The thing is, education, especially public education, has to work for _everyone_.
I think this is the big mistake that is bringing everyone down instead of building everyone up. There can never be one system that works for everyone, unless you force everyone to be exactly the same.
Is school about bringing the best up or is it about educating the general populace? Public education in the US is about offering a minimum level of education and acculturation to students. It is _not_ about producing elites.
A contrast to this is Soviet education policy which explicitly tried to select for talent from a young age and funnel them up. In the Soviet Union though, poorer students had full employment guarantees, so the danger of falling through the education system was a lot lower.

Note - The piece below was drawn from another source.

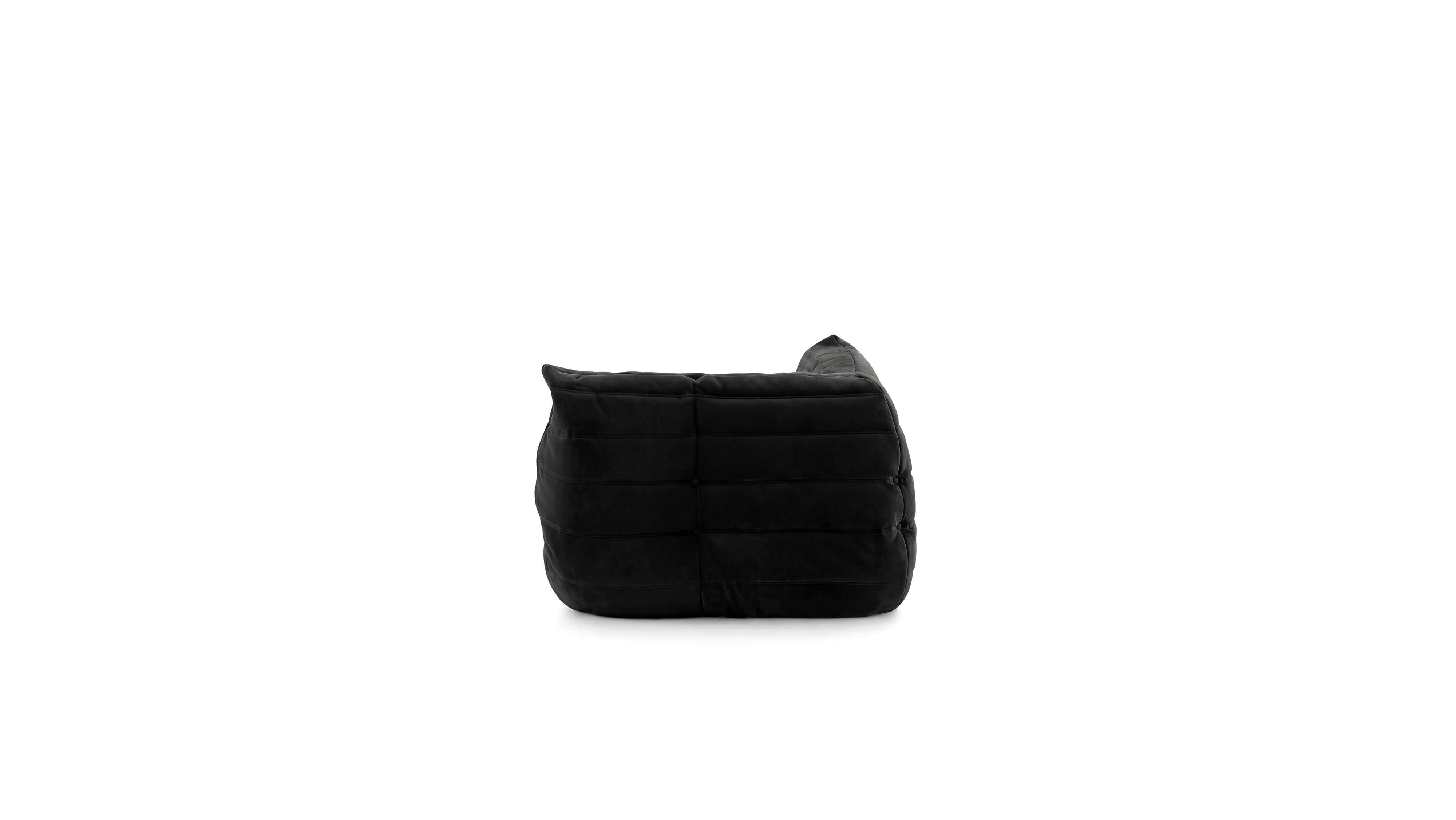 Black Nubuck Aniline Leather Michel Ducaroy TOGO Corner Seat R3233 in the USA in Canada on a white background - Back, repr.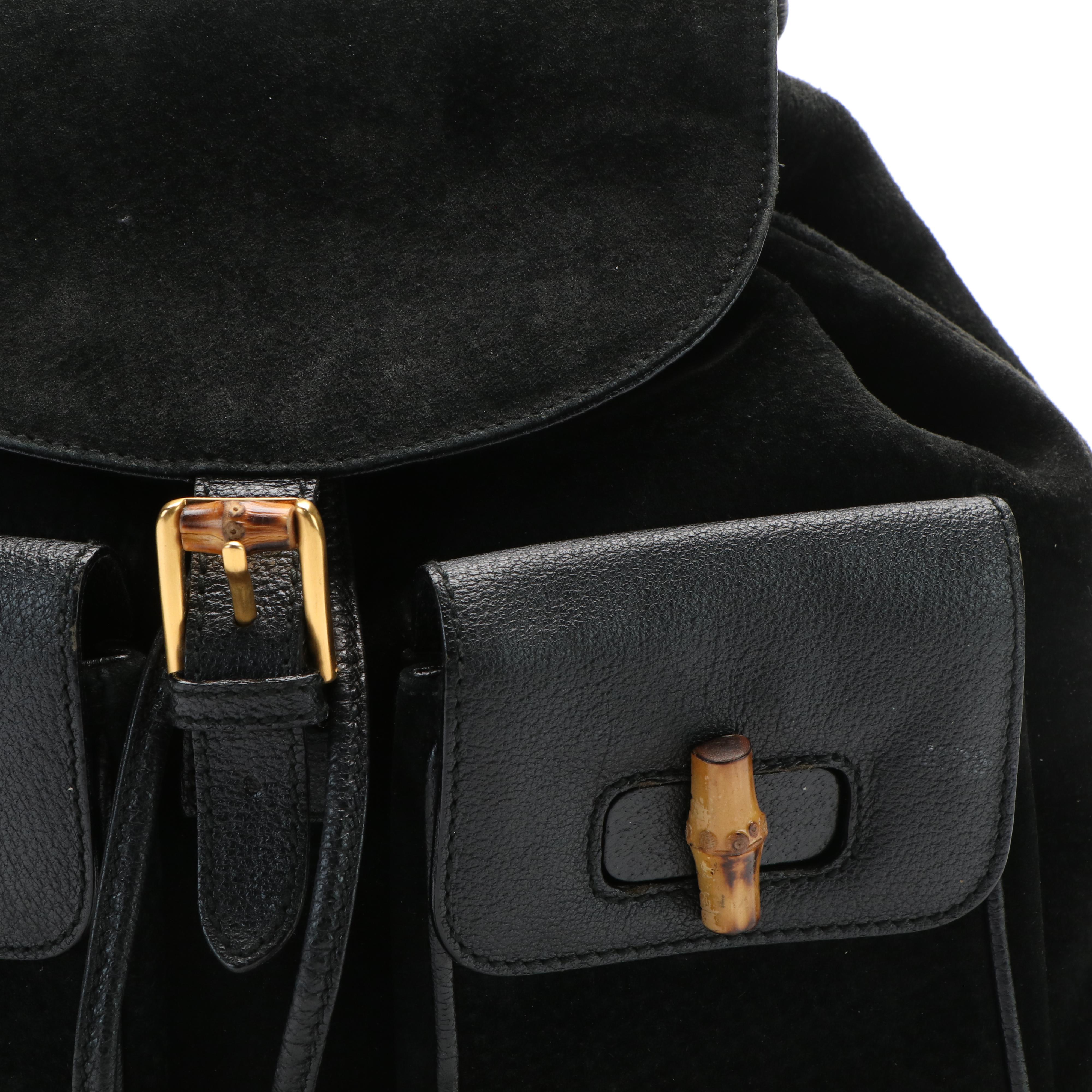 Gucci Bamboo Bar Backpack in Black Suede and Leather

Education the population is bringing the best in every student. For every subject, there are some students with a best better than the best of other students. We need to learn to live with it.
There's no dispute that students differ in aptitude for subjects. Where things get more complicated is when you view this in terms of other variables like time. Do some students eventually get better than others, say start off worse but end up becoming better (a sharper trajectory)? If so, at what point do we deem a student's aptitude to be better than another student's, or should this always be a time-varying function? Do certain subjects which become more important due to technological or social changes, like say computing, benefit a student who otherwise would not have shown a talent in anything taught in a school? Donald Knuth was a history major in school originally.
I think there will always be really good and really bad students in every subject. The hard part is everyone else.
I think this is the big mistake that is bringing everyone down instead of building everyone up. There can never be one system that works for everyone, unless you force everyone to be exactly the same.